TGM-102 Active

Beyond the Password: A Practical Guide to 2FA and Passkeys

Issued
April 15, 2026
Effective
April 15, 2026
Category
Security
Author
Rebecca Murphy

Executive Summary

A password alone is no longer enough to protect your online accounts. Two-factor authentication (2FA) adds a critical second layer of defense, and a newer technology called passkeys may eliminate the need for passwords entirely. This memo explains what these tools are, why they matter, and which ones to use — all in plain language.

The stakes are real. The vast majority of cloud account breaches trace back to compromised passwords (Bonneau et al., 2012). State-linked attackers have targeted journalists and activists by bypassing weak authentication (Scott-Railton & Kleemola, 2015). Yet the solutions are accessible: enabling 2FA blocks the overwhelming majority of automated attacks, and hardware security keys have reduced successful phishing at major organizations to zero (Krebs, 2018). The federal government now classifies SMS-based authentication as "restricted" and recommends phishing-resistant alternatives (Temoshok et al., 2025). This memo walks you through what these technologies are, how they compare, and what steps to take today.

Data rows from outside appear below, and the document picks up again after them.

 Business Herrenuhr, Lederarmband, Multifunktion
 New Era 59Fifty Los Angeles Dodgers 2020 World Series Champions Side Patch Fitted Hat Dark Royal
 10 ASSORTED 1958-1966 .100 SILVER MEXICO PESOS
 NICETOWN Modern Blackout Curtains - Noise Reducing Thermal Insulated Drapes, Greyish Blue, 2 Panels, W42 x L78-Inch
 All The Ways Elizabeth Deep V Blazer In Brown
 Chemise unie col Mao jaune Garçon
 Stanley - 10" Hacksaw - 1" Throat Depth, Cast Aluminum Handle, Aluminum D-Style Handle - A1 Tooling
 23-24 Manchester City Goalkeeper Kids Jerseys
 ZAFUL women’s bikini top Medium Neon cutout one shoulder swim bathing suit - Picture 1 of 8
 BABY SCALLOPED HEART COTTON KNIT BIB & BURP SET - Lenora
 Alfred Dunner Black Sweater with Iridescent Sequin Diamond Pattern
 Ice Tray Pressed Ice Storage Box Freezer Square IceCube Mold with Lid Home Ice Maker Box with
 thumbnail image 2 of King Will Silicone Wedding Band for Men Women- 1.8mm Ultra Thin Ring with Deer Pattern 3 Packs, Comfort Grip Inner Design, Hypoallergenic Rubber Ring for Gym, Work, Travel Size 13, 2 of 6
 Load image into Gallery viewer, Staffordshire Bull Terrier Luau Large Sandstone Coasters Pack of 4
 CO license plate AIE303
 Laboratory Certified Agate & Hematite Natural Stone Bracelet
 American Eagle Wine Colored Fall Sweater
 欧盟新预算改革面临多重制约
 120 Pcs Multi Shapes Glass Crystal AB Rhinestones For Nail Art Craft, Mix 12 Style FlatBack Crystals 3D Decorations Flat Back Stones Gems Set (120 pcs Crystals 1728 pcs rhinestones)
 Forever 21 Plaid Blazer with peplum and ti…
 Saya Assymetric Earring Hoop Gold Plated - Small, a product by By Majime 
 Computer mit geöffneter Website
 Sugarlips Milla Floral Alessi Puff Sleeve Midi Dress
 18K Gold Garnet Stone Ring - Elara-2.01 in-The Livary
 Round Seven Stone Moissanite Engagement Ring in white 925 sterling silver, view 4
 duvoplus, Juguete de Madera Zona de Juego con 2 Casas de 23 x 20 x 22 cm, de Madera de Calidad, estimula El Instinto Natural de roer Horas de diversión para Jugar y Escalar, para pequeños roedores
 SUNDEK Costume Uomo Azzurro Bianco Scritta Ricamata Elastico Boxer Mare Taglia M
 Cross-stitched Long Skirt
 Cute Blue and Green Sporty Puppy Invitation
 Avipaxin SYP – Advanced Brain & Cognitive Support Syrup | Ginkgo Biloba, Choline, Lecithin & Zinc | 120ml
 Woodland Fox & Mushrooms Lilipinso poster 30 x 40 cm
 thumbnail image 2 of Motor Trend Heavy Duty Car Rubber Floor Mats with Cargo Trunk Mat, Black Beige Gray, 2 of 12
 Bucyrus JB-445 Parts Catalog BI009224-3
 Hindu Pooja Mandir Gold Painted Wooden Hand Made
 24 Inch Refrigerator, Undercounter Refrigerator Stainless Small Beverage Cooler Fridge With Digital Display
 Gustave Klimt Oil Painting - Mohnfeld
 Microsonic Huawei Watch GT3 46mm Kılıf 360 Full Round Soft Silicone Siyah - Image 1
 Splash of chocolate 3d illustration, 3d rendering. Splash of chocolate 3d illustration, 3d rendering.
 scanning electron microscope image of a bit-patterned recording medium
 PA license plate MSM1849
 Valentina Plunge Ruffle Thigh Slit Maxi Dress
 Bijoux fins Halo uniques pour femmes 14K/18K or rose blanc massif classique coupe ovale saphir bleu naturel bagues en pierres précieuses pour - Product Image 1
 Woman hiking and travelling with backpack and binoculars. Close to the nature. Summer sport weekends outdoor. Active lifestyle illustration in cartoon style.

Three ways to prove you're you

Every time you log in to an account, you're proving your identity. Security experts have long recognized three fundamental ways to do this — three "authentication factors." Think of them as three different types of evidence you can present at the door.

Something you KNOW is the most familiar factor. Passwords, PINs, and security questions all fall into this category. When you type your password, you're proving you know a secret that (hopefully) only you know. The problem is that knowledge can be stolen. Attackers phish passwords through fake login pages, guess weak ones through brute force, and exploit the fact that people reuse passwords across sites — a practice called credential stuffing. A landmark study evaluating two decades of authentication proposals found that despite their well-known weaknesses, passwords have persisted because no alternative could match their combination of convenience and universal compatibility (Bonneau et al., 2012). That calculus is finally changing.

Something you HAVE means proving you possess a physical object — a phone, a hardware security key, a smart card. Think of it like a house key: even if someone knows your address, they can't get inside without the key in hand. When a website sends a code to your phone or asks you to tap a security key, it's checking that you have a specific device. This factor is powerful because an attacker halfway around the world can steal your password, but they can't reach into your pocket and grab your phone.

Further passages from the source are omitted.